From the hunter-gatherer era and on into societies based on herding and farming, high social status men have significantly more children than low social status men. Then, in the industrial era, that relationship was inverted. That is the conclusion of a new meta-analysis of 33 pre-industrial societies.
I've seen a study along the same lines out of a University of Michigan scholar a decade or two ago, that looked at historical and legendary history documents to show the gradually decreasing number of mates and children of ultra high status men from the Bronze Age through the present, with significant changes continuing even from the Victorian era to the 20th century. The drivers of this change aren't entirely clear.
The study and its abstract are as follows:
Social status motivates much of human behavior. However, status may have been a relatively weak target of selection for much of human evolution if ancestral foragers tended to be more egalitarian.
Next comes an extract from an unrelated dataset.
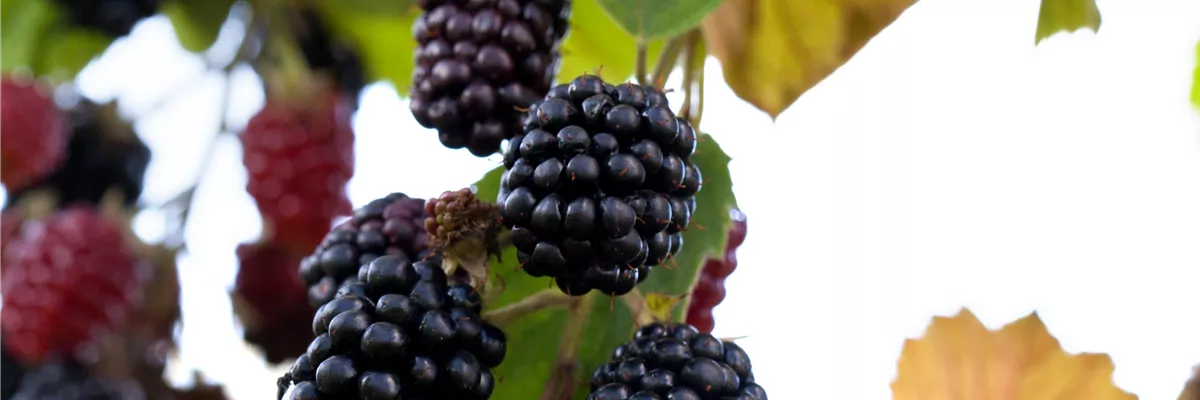 Rubus idaeus & Rubus fruticosus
We test the “egalitarianism hypothesis” that status has a significantly smaller effect on reproductive success (RS) in foragers compared with nonforagers. We also test between alternative male reproductive strategies, in particular whether reproductive benefits of status are due to lower offspring mortality (parental investment) or increased fertility (mating effort). We performed a phylogenetic multilevel metaanalysis of 288 statistical associations between measures of male status (physical formidability, hunting ability, material wealth, political influence) and RS (mating success, wife quality, fertility, offspring mortality, and number of surviving offspring) from 46 studies in 33 nonindustrial societies. We found a significant overall effect of status on RS (r = 0.19), though this effect was significantly lower than for nonhuman primates (r = 0.80). There was substantial variation due to marriage system and measure of RS, in particular status associated with offspring mortality only in polygynous societies (r = −0.08), and with wife quality only in monogamous societies (r = 0.15). However, the effects of status on RS did not differ significantly by status measure or subsistence type: foraging, horticulture, pastoralism, and agriculture. These results suggest that traits that facilitate status acquisition were not subject to substantially greater selection with domestication of plants and animals, and are part of reproductive strategies that enhance fertility more than offspring well-being.
Christopher R. von Rueden, Adrian V. Jaeggi. "Men’s status and reproductive success in 33 nonindustrial societies: Effects of subsistence, marriage system, and reproductive strategy." 113 (39) Proceedings of the National Academy of Sciences 10824 (2016).